Results from the poll, conducted Oct. 11-14, shows the primary electorate had coalesced around Walker before Senate GOP leaders changed course and publicly offered their support last week — endorsements that also followed news of Walker’s $3.7 million third-quarter fundraising haul.
The survey, commissioned by pro-Walker super PAC 34N22 Leadership, is based on responses from 400 likely Republican primary voters and has a margin of error of 4.9 percent.
Republicans can’t afford a messy primary fight that could weaken their prospects of winning back the seat currently held by Democratic Sen. Raphael Warnock, who along with Sen. Jon Ossoff won the swing state in a January runoff that gave Democrats the majority.
McConnell, who hasn’t yet endorsed in any other open primaries, called Walker “the only one who can unite the party, defeat Senator Warnock, and help us take back the Senate.”
Sens. John Thune (R-S.D.) and John Barrasso (R-Wyo.), the respective Republican whip and conference chair, also endorsed Walker last week.
But just as the trio of powerful Senate Republicans offered their support to Walker — a proactive measure to minimize primary mudslinging in the Georgia race — Black on Friday went on the attack.

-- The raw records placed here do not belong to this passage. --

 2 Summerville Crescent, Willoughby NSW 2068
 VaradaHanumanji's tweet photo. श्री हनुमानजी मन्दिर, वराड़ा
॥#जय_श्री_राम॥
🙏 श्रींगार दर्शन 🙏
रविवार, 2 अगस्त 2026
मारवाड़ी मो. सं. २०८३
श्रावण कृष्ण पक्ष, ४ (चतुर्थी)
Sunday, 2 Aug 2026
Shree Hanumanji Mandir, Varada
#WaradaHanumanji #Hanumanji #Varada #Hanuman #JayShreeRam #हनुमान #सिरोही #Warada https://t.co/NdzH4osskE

While visiting a Marietta domestic violence shelter, Black, Georgia’s agriculture commissioner, described past allegations against Walker as “disqualifying,” calling on him to explain the accusations.
Walker’s ex-wife, who took out a protective order against him in 2005, claimed he threatened to shoot and kill her, the Associated Press reported this summer. Other women have made similar allegations about Walker, though he has dismissed the claims.
Black cautioned that Democrats would spend $100 million in ads highlighting the police reports and domestic violence allegations if Walker becomes the Republican nominee.
“I think we need to have that conversation now,” Black told reporters Friday. “He needs to address all these reports in detail, himself, and now, before we hand the Senate to the left on a silver platter.”
Walker’s third-quarter fundraising filing, which included just a month’s worth of contributions, dwarfs the $1.2 million Black has raised since April.
Warnock, meanwhile, raised $9 million last quarter and has $17.2 million cash on hand.